> Data below
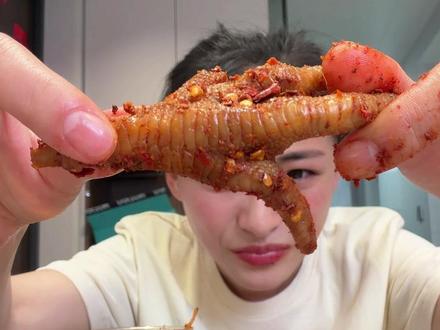 佤味鸡爪就认准我家滇班长就行了!孕妇也能吃!没有科技狠活!#佤味鸡爪 #滇班长佤味鸡爪 #太好吃了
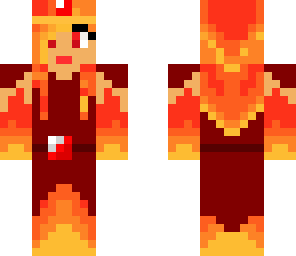 fire queen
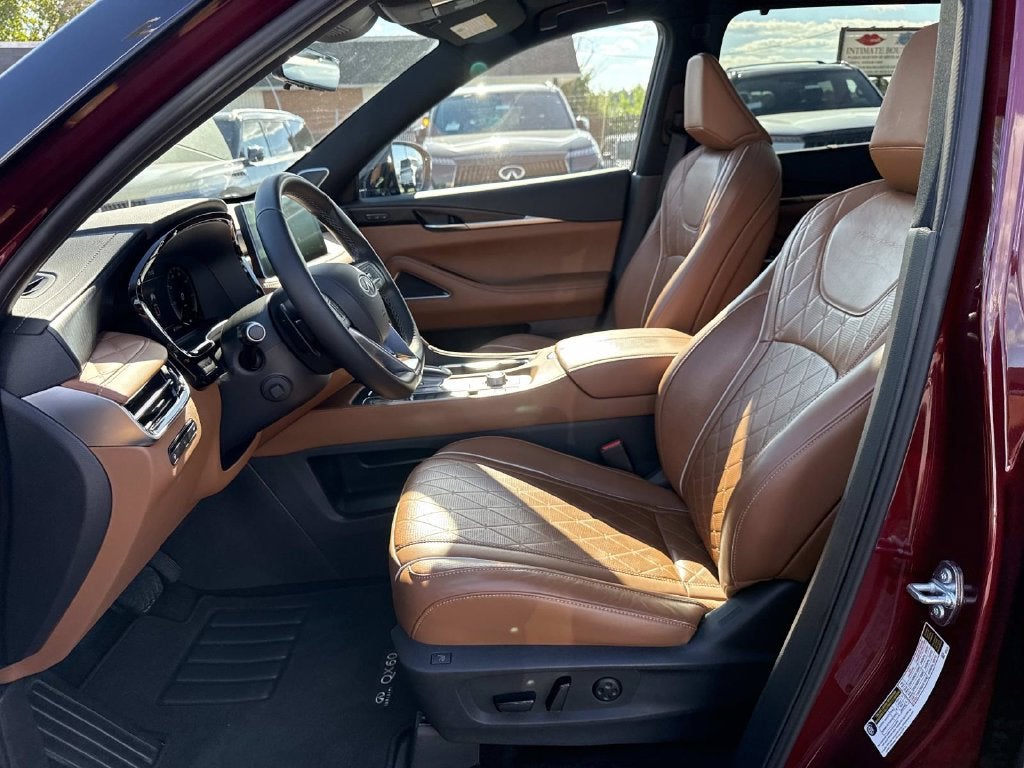 2025 INFINITI QX60 Autograph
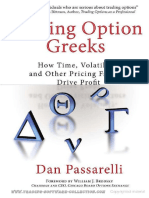 Trading Option Greeks by Dan Passarelli William J Brodsky Book Novel by WWW - Indianpdf.com Download PDF Online Free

> Task statement
Every line above should be repeated exactly; pictures stay out of the copy.

> Task result
 佤味鸡爪就认准我家滇班长就行了!孕妇也能吃!没有科技狠活!#佤味鸡爪 #滇班长佤味鸡爪 #太好吃了
 fire queen
 2025 INFINITI QX60 Autograph
 Trading Option Greeks by Dan Passarelli William J Brodsky Book Novel by WWW - Indianpdf.com Download PDF Online Free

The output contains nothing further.